OCR Implementation - Guidance #44

Excustic · 2024-08-12T07:17:02Z

Excustic
Aug 12, 2024

I was wondering if anyone could give me insight and tips on how I could implement OCR using the SDK.
Should I use the object detection yolo_v9 template?
The repository is vast and I'm not sure how to get my hands on a custom implementation here.

For more context, I am trying to read a word that is located above the user’s finger wherever he points to the document. I already made an algorithm that crops out the word using OpenCV with colour thresholding and some histogram analysis. I thought of maybe building a pipeline which takes the cropped image and feeds it to the NN but again I’m not sure it’s possible. If anyone has ideas I would love to hear them, thanks!

Answered by kris-himax

Aug 19, 2024

Hi @Excustic ,

Yes, it can run multiple models sequentially. You can reference tflm_fd_fm example which run 3 models sequentially.

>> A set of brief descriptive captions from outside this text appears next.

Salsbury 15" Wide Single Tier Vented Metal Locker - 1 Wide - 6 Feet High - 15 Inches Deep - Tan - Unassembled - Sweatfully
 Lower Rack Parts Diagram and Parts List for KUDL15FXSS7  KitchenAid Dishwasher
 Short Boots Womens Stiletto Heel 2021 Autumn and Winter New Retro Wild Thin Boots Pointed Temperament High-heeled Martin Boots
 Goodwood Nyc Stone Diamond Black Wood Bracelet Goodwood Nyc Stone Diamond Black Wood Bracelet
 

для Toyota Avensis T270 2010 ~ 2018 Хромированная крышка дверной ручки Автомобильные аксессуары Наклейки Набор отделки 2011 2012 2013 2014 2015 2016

You can reference https://github.com/tensorflow/tflite-micro/blob/main/tensorflow/lite/micro/docs/memory_management.md to see the memory management of tensor arena because the tail part of tensor arena can not be share and other part of tensor arena can be reuse at difference model.

You can not load full resolution image to WE2 internal SRAM because of the memory limit.
Yes, you can just disable the flag OV5647_SUPPORT_BINNING at here and disable the sub-sample and binning and set the crop position where you want. But be careful that each cropped areas coul…

View full answer

kris-himax · 2024-08-13T02:06:14Z

kris-himax
Aug 13, 2024
Maintainer

Hi @Excustic ,
We have provided yolov8 object detection example, you can take it for the reference.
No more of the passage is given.